I cittadini e le amministrazioni

Il primo punto di modifica sostanziale della PA riguarda le forze dell'ordine, che subiranno un riordinamento. La novità più importante dovrebbe essere l'assorbimento del Corpo Forestale dello Stato in un altro corpo di polizia, presumibilmente in quello dei Carabinieri. Il punto tuttavia ha suscitato numerose polemiche per la particolarità del corpo stesso, e per questo non è escluso che eventuali ulteriori modifiche vengano  introdotte in futuro.

In riferimento alle forze di polizia ed alle necessità dei cittadini, viene introdotto il numero unico per le emergenze 112, che uniformerà le richieste di intervento alle modalità richieste dall'Unione Europea. In seguito all'attuazione del provvedimento, dovranno essere istituite centrali uniche per la gestione delle emergenze, che secondo quanto emerso dovrebbero essere istituite a livello regionale in modo da uniformare e semplificare la gestione degli interventi.

Importante modifica per quanto riguarda i concorsi pubblici, a quali si potrà accedere in presenza del titolo di studio richiesto, ma senza la necessità del raggiungimento di un voto minimo, come avveniva invece fino ad ora per il voto di laurea.

Auto, multe e bollette

Semplificazione prevista anche per quanto riguarda i registri nazionali delle autovetture.
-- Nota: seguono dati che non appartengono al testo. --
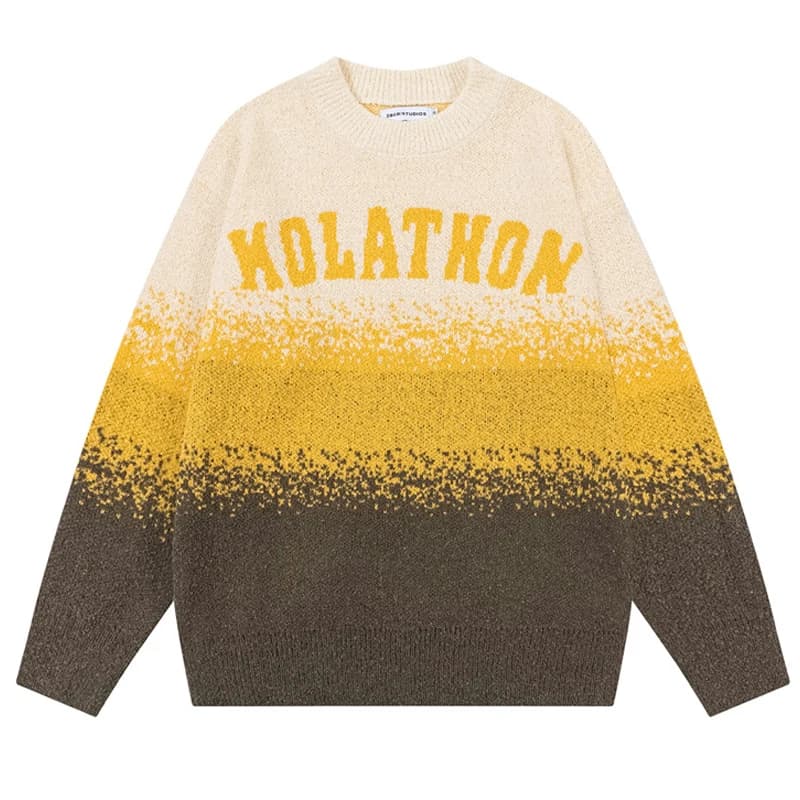 Autunno maglione lavorato a maglia uomo inverno Harajuku Vintage popolare graduale Loop filato pullover Casual maglioni larghi Vintage Streetwear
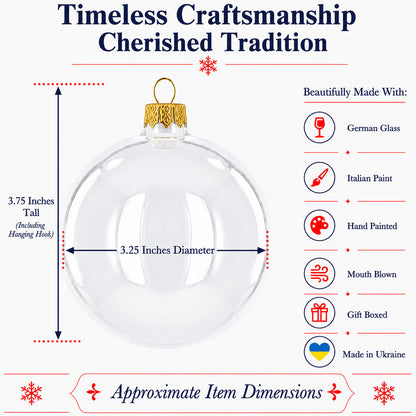 Set of 6 White Glossy Glass Ball Christmas Ornaments 3.25 Inches (041)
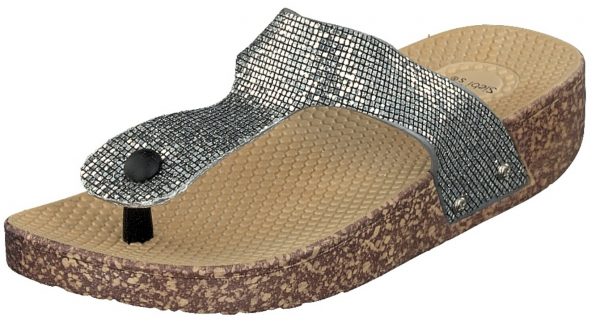 Siebi's ELBA Flip  Badeschuh und Freizeitschuhe Damen Zehentrenner mit Kork-Optik – Bild 21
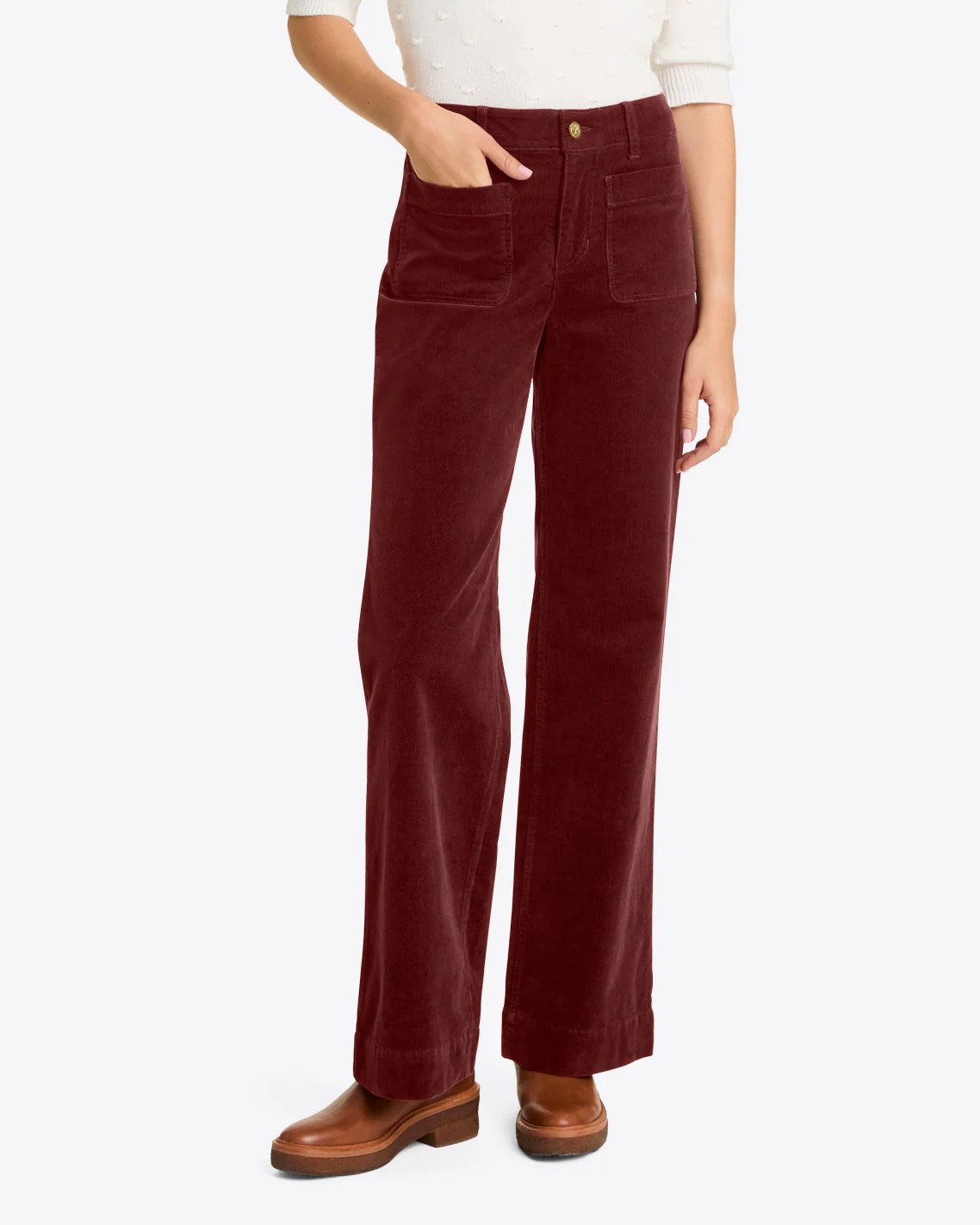 Patch Pocket Corduroy Wide Leg Pant | Draper James (US)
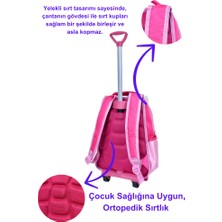 Çantaland Çekçekli Pembe Unicorn Baskılı, Ortopedik Sırt Özellikli, Ilkokul Çantası + Beslenme Çantası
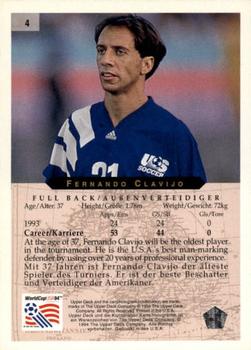 1994 Upper Deck World Cup Contenders English/German #4 Fernando Clavijo Back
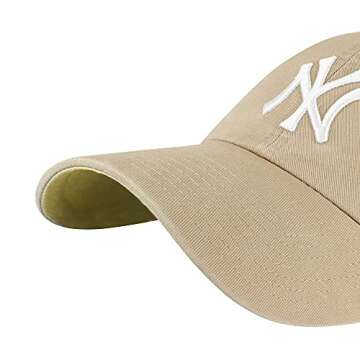 '47 New York Yankees Adjustable Cap Clean Up MLB, New York Yankees Khaki Yellow, One Size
Il PRA (Pubblico Registro Automobilistico) non sarà più di competenza dell'ACI, ma sarà interamente trasferito alla Motorizzazione, rendendolo di fatto dipendente dal Ministero dei Trasporti. Il passaggio dovrebbe contribuire a creare un unico database, che permetterà di unificare il libretto di circolazione ed il certificato di proprietà in un unico documento.
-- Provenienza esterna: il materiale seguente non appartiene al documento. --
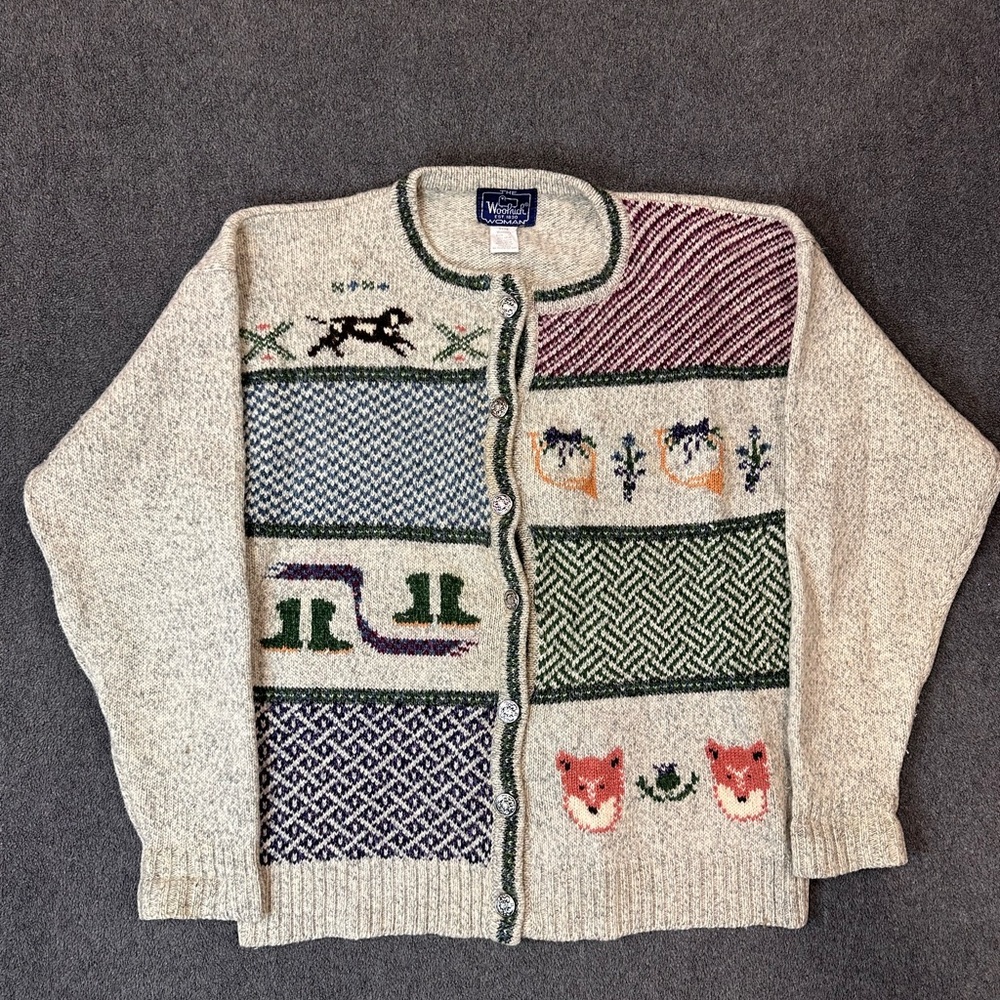 Woolrich Wool Blend Patchwork Button Front Cardig… - image 1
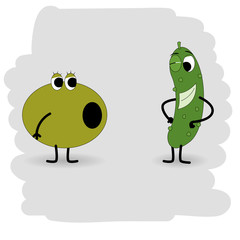 Doodle cucumber will soon be in the olive illustration with a hint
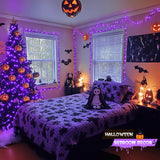 JMEXSUSS 500 LED Purple Halloween Lights, 173ft 8 Modes Halloween String Lights Outdoor Waterproof, Green Wire Purple LED Christmas Tree Light for Indoor Party House Christmas Decorations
Sempre in ambito automobilistico, sarà più semplice effettuare il pagamento delle multe (così come dei tributi dovuti alla Pubblica Amministrazione). Infatti è stato approvata la norma che consente il pagamento tramite il credito telefonico; in pratica sarà possibile pagare quanto dovuto utilizzando il credito residuo del traffico telefonico, sia per le utenze ricaricabili sia per quelle in abbonamento. Tuttavia questa modalità di pagamento sarà possibile solo per importi ridotti, fino ad un massimo di cinquanta euro. Il pagamento avverrà tramite un SMS, e dovrebbe quindi permettere di usufruire della nuova possibilità anche a coloro che non sono in possesso di un telefono di nuova generazione.